Con 32 años más, Vassie volvió a mostrar su llanto al mundo

El soldado de 1974 se puso el uniforme para ir a San Vicente
 LA PLATA.- En julio de 1974, el soldado Roberto Vassie lloró la muerte de Juan Domingo Perón mientras hacía una guardia de honor al féretro del difunto presidente. La foto de llanto dio la vuelta al mundo. Ayer volvió a lucir el uniforme militar para desandar el trayecto desde la CGT hasta San Vicente, a bordo del vehículo Gaucho, que llevó los restos a la quinta 17 de Octubre. Y volvió a llorar.

"Estuve con el general hasta el último momento. Me emocionó la gente: lloraba, se persignaba. Casi se tiraba encima del féretro para tocar a Perón", dijo Vassie al asegurar que estuvo ajeno al espectáculo inenarrable de piedras y palos volando por encima de la cureña. "Ibamos a 30 kilómetros por hora. No nos enteramos de los incidentes", comentó.

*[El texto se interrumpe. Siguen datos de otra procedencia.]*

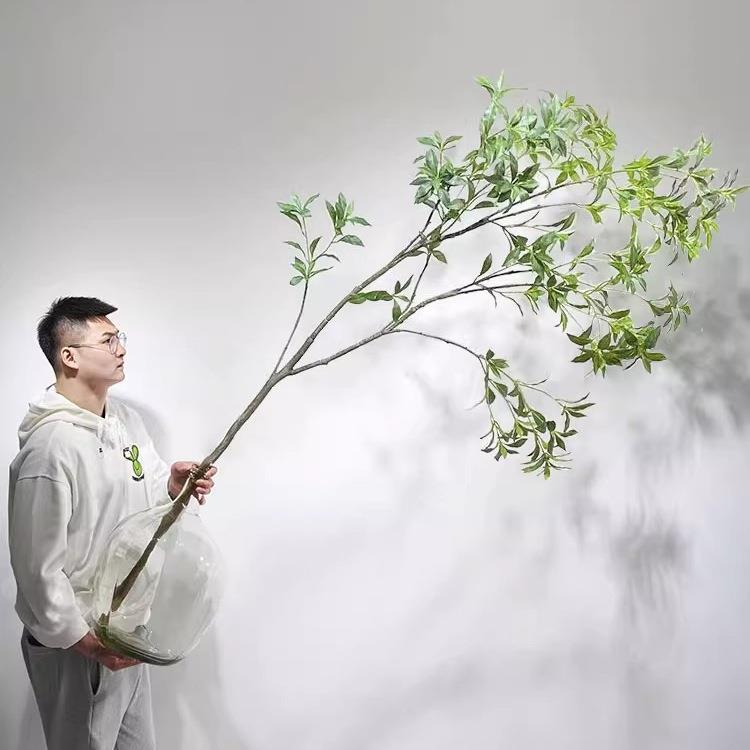 仿真绿植马醉木轻奢假植物室内客厅服装店橱窗落地摆件吊钟装饰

Igual testimonio aportó Enrique Nicotera, que viajó con Vassie. En 1974 Nicotera había conducido el Unimog que arrastró la cureña desde el Congreso hasta Olivos. En aquella oportunidad vio llover flores sobre el cortejo. "[Ayer] No llegamos a percibir los disturbios. El jeep iba rodeado de gente. Demoramos más de cinco horas en hacer el recorrido", relató.

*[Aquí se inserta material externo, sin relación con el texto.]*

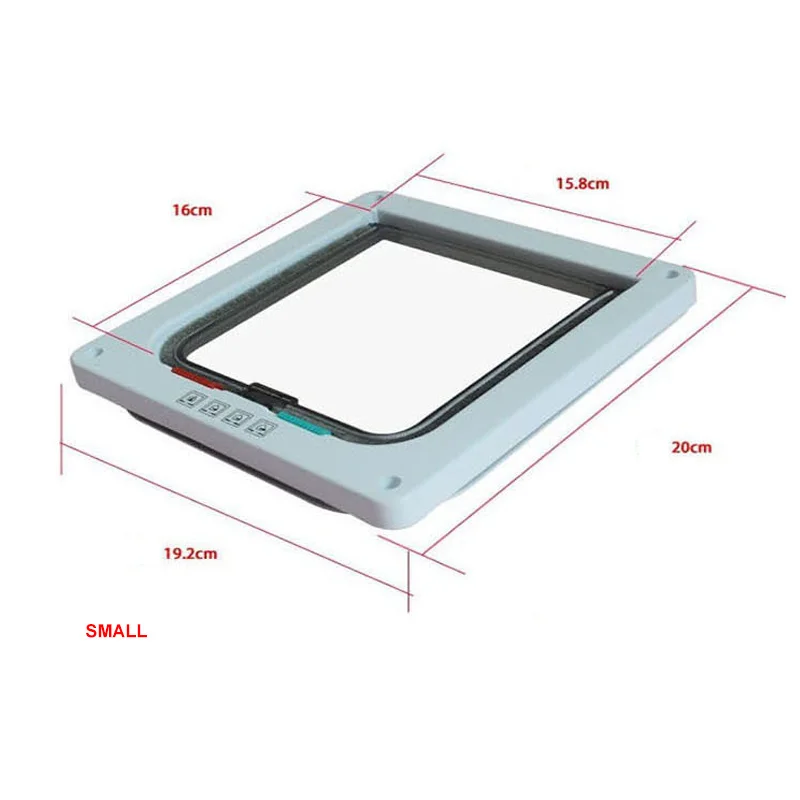 Контролируемый доступ отверстия 4 типа закрытия, в помещении/на открытом воздухе дверь для животных комплект дверь для собаки с клапаном настенное крепление дверь для животных для домашних животных безопасный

Ayer, los dos soldados volvieron a despedir a Perón. Convocados por pedido del presidente Néstor Kirchner, volvieron a vestir el uniforme militar y condujeron el vehículo que llevó los restos a su lugar de descanso definitivo.

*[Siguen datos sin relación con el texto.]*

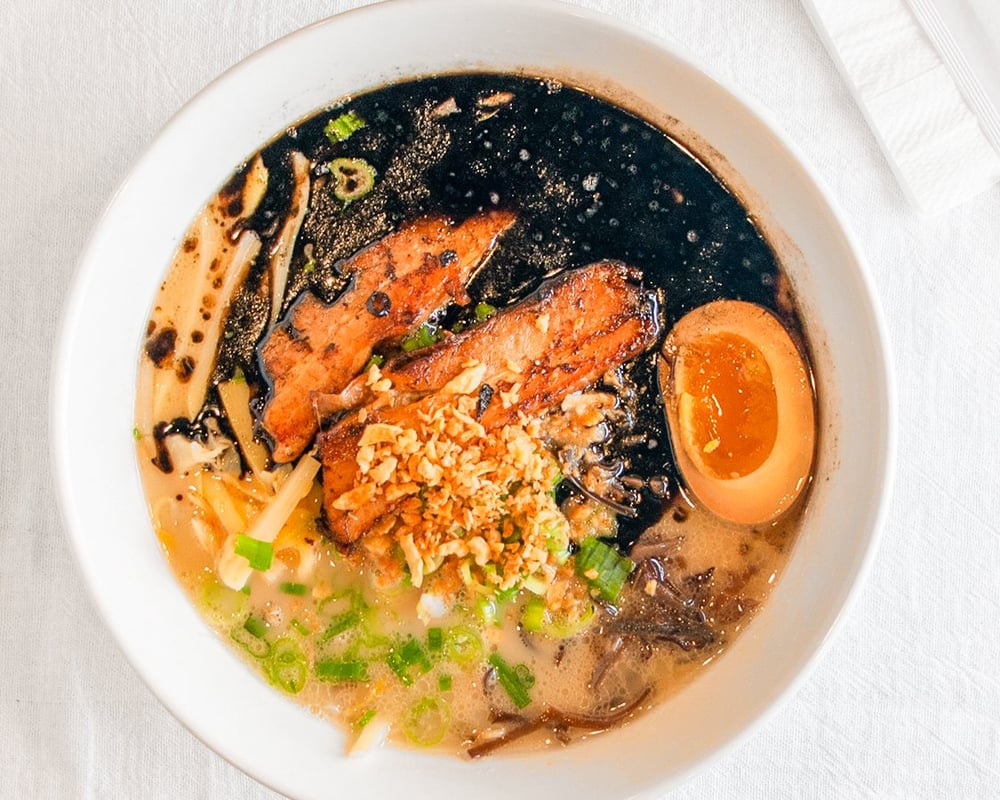 Black Garlic tonkotsu Ramen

"Estoy orgulloso de ser un soldado de Perón. Yo pedí volver a vestir el uniforme militar para despedirlo", dijo Vassie, el soldado que, armado de fusil y casco, no pudo contener las lágrimas en aquel primer entierro. Su foto, tomada por Ki Chul Bae, publicada por la revista Gente, el 4 de julio de 1974, fue símbolo del dolor popular.

Vassie, de 53 años, integraba entonces la Compañía Ingenieros 10, con asiento en Pablo Podestá. El 1° de julio de 1974 se enteró de la muerte de Perón mientras estaba en el rancho, escuchando radio. El día siguiente, a las 3, su compañía fue desplazada hacia el centro de la Capital Federal, para hacer una guardia de honor en las proximidades del Congreso.

"Sentí un dolor profundo. Pensé en mi padre, que había sido perseguido el día en que los aviones bombardearon la Plaza de Mayo", dijo al recordar los sucesos previos a la Revolución Libertadora.

"Ese día temblaba la ciudad. Llorábamos todos", recordó Nicotera, que integraba el Regimiento de Granaderos a Caballo General San Martín.